What needs to be done = Could you copy every entry exactly, with nothing changed?

Dataset entries:
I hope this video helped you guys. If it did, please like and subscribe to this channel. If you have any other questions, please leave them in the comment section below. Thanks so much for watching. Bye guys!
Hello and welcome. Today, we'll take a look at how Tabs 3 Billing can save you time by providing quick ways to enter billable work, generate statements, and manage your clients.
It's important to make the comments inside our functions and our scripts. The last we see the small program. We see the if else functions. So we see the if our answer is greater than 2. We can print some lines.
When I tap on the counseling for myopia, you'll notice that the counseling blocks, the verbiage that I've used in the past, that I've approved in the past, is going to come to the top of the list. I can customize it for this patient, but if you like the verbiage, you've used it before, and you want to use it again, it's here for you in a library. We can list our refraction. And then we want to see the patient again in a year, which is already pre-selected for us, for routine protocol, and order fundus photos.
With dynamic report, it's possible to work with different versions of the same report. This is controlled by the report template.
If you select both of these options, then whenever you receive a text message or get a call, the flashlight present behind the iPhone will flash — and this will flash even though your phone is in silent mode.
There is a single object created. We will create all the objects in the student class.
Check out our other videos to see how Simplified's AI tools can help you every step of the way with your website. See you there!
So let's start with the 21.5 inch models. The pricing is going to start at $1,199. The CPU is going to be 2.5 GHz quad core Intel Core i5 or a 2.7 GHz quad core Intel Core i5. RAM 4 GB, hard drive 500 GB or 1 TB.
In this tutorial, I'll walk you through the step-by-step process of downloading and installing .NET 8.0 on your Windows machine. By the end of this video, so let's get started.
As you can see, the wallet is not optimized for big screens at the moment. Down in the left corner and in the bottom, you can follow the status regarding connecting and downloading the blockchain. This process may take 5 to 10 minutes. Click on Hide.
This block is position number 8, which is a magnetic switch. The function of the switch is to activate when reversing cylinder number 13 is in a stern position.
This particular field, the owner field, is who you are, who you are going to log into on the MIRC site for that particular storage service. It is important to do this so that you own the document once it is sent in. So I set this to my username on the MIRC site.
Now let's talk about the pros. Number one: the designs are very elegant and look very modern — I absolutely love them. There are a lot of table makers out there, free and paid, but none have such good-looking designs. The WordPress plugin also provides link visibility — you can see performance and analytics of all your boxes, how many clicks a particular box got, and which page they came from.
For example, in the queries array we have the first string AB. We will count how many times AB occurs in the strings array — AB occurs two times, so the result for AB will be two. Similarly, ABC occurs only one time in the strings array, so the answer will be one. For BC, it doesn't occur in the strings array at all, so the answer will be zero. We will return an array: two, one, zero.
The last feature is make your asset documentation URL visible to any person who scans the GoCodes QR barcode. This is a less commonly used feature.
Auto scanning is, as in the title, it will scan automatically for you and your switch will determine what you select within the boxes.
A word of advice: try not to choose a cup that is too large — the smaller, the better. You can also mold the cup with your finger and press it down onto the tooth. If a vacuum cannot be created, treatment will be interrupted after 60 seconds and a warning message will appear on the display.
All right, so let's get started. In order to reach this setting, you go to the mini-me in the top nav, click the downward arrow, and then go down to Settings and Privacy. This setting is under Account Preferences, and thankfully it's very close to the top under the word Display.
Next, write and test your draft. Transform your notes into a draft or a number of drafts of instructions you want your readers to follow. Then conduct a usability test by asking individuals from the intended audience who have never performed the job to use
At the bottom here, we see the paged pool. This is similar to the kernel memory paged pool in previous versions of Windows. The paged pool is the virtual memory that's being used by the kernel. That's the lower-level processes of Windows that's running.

Task answer =
I hope this video helped you guys. If it did, please like and subscribe to this channel. If you have any other questions, please leave them in the comment section below. Thanks so much for watching. Bye guys!
Hello and welcome. Today, we'll take a look at how Tabs 3 Billing can save you time by providing quick ways to enter billable work, generate statements, and manage your clients.
It's important to make the comments inside our functions and our scripts. The last we see the small program. We see the if else functions. So we see the if our answer is greater than 2. We can print some lines.
When I tap on the counseling for myopia, you'll notice that the counseling blocks, the verbiage that I've used in the past, that I've approved in the past, is going to come to the top of the list. I can customize it for this patient, but if you like the verbiage, you've used it before, and you want to use it again, it's here for you in a library. We can list our refraction. And then we want to see the patient again in a year, which is already pre-selected for us, for routine protocol, and order fundus photos.
With dynamic report, it's possible to work with different versions of the same report. This is controlled by the report template.
If you select both of these options, then whenever you receive a text message or get a call, the flashlight present behind the iPhone will flash — and this will flash even though your phone is in silent mode.
There is a single object created. We will create all the objects in the student class.
Check out our other videos to see how Simplified's AI tools can help you every step of the way with your website. See you there!
So let's start with the 21.5 inch models. The pricing is going to start at $1,199. The CPU is going to be 2.5 GHz quad core Intel Core i5 or a 2.7 GHz quad core Intel Core i5. RAM 4 GB, hard drive 500 GB or 1 TB.
In this tutorial, I'll walk you through the step-by-step process of downloading and installing .NET 8.0 on your Windows machine. By the end of this video, so let's get started.
As you can see, the wallet is not optimized for big screens at the moment. Down in the left corner and in the bottom, you can follow the status regarding connecting and downloading the blockchain. This process may take 5 to 10 minutes. Click on Hide.
This block is position number 8, which is a magnetic switch. The function of the switch is to activate when reversing cylinder number 13 is in a stern position.
This particular field, the owner field, is who you are, who you are going to log into on the MIRC site for that particular storage service. It is important to do this so that you own the document once it is sent in. So I set this to my username on the MIRC site.
Now let's talk about the pros. Number one: the designs are very elegant and look very modern — I absolutely love them. There are a lot of table makers out there, free and paid, but none have such good-looking designs. The WordPress plugin also provides link visibility — you can see performance and analytics of all your boxes, how many clicks a particular box got, and which page they came from.
For example, in the queries array we have the first string AB. We will count how many times AB occurs in the strings array — AB occurs two times, so the result for AB will be two. Similarly, ABC occurs only one time in the strings array, so the answer will be one. For BC, it doesn't occur in the strings array at all, so the answer will be zero. We will return an array: two, one, zero.
The last feature is make your asset documentation URL visible to any person who scans the GoCodes QR barcode. This is a less commonly used feature.
Auto scanning is, as in the title, it will scan automatically for you and your switch will determine what you select within the boxes.
A word of advice: try not to choose a cup that is too large — the smaller, the better. You can also mold the cup with your finger and press it down onto the tooth. If a vacuum cannot be created, treatment will be interrupted after 60 seconds and a warning message will appear on the display.
All right, so let's get started. In order to reach this setting, you go to the mini-me in the top nav, click the downward arrow, and then go down to Settings and Privacy. This setting is under Account Preferences, and thankfully it's very close to the top under the word Display.
Next, write and test your draft. Transform your notes into a draft or a number of drafts of instructions you want your readers to follow. Then conduct a usability test by asking individuals from the intended audience who have never performed the job to use
At the bottom here, we see the paged pool. This is similar to the kernel memory paged pool in previous versions of Windows. The paged pool is the virtual memory that's being used by the kernel. That's the lower-level processes of Windows that's running.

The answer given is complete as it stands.